1965年プロデビューし、5年後38戦目であのイスマエル・ラグナを大番狂わせの判定(2-1)で下し、WBA世界ライト級王座を獲得。 

※ラグナはブキャナンとの防衛戦を選んだ為、WBC王座をはく奪されていた。WBCはブキャナンには挑戦資格なしと判断していた。 

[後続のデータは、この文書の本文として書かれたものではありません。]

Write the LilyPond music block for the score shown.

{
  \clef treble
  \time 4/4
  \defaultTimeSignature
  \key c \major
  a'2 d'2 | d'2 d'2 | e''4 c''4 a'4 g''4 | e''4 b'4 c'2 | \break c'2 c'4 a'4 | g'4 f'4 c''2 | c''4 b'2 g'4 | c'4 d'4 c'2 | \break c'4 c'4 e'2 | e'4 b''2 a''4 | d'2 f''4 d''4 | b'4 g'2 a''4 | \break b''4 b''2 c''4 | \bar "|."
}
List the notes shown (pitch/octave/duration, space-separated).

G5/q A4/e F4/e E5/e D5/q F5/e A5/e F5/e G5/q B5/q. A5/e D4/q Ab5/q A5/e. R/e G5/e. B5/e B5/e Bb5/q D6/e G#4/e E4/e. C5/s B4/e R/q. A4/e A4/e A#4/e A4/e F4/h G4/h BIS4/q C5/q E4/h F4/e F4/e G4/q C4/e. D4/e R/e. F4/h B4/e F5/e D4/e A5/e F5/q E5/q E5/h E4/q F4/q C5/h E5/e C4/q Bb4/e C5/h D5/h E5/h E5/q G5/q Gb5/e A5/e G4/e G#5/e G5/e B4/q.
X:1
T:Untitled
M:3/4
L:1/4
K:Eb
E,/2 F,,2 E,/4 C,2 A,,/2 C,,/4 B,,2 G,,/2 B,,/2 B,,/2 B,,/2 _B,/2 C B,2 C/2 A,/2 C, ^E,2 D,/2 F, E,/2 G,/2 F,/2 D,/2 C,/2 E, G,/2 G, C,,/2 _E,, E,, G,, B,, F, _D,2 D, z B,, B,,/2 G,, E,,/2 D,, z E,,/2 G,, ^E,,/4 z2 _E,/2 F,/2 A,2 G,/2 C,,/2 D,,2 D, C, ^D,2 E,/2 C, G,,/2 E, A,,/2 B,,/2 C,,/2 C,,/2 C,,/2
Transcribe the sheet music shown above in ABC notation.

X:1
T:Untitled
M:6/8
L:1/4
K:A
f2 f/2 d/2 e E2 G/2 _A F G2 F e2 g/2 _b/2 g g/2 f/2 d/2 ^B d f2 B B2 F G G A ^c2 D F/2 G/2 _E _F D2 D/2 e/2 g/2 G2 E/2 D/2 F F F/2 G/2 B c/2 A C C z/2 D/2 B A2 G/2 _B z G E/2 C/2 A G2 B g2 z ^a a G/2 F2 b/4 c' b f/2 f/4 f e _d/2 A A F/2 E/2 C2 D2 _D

また母国はラグナへの挑戦を許可しておらず、何と罰金を取ろうとしたという。 

 

ただその後、ブキャナンは実力で外野を黙らせた。 

 

翌年ルーベン・ナバロ相手に初防衛に成功すると共にWBC王座にも就いた。 

※その後はく奪。 

 

1971年9月ラグナとのリターンマッチではストップ寸前の出血の窮地に陥ったが、競り勝ち、2度目の防衛に成功。 

 

ロベルト・デュラン相手の防衛戦を迎えた(1972年6月MSG) 

 

王者報酬は12.5万ドル(4500万円)。 

 

ブキャナンは未来の怪物相手にも余裕綽々。 

 

かけ率も13-5と王者有利。 

 

ただ試合は1R早くもダウンを奪った若きデュランがブキャナン技巧を潰すラフ戦法でリードするが、ブキャナンの左にたじろぐシーンも。 

 

後世にも物議を醸しだすシーン。 

 

13Rゴング終了後にデュランのローブローで王者が悶絶。 

 

不幸にもブキャナンは王座を失った。 

 

再起ロードを歩むブキャナンは後の世界王者ジム・ワットとの技巧派対決に勝ち国内王座を獲得。 

 

トップコンテンダーの地位まで返り咲き、挑戦者として日本のリングへ上がる。 

 

1975年2月、ガッツ石松のWBC王座へ挑んだ。 

 

11Rまではブキャナンがリードも13~15Rに石松が逆転し判定負けで王座獲得ならず。 

 

これが最後の世界戦だった。 

 

当時ブキャナンは56勝2敗。よくぞ石松は勝てたものだ。 

 

エディさんがこの勝利をいつまでも自慢していたという。 

 

国際ボクシング殿堂入りも果たしたブキャナン。 

 

スコットランド衣装に身を包み、バグパイプと共にリングイン。 

 

実に品格のある選手だった。 

 

左の使い方は正に教科書。

 

ボクシングが頭脳スポーツであるという事を証明していた。 

 

偉大なるケン・ブキャナン氏のご冥福をお祈り申し上げます。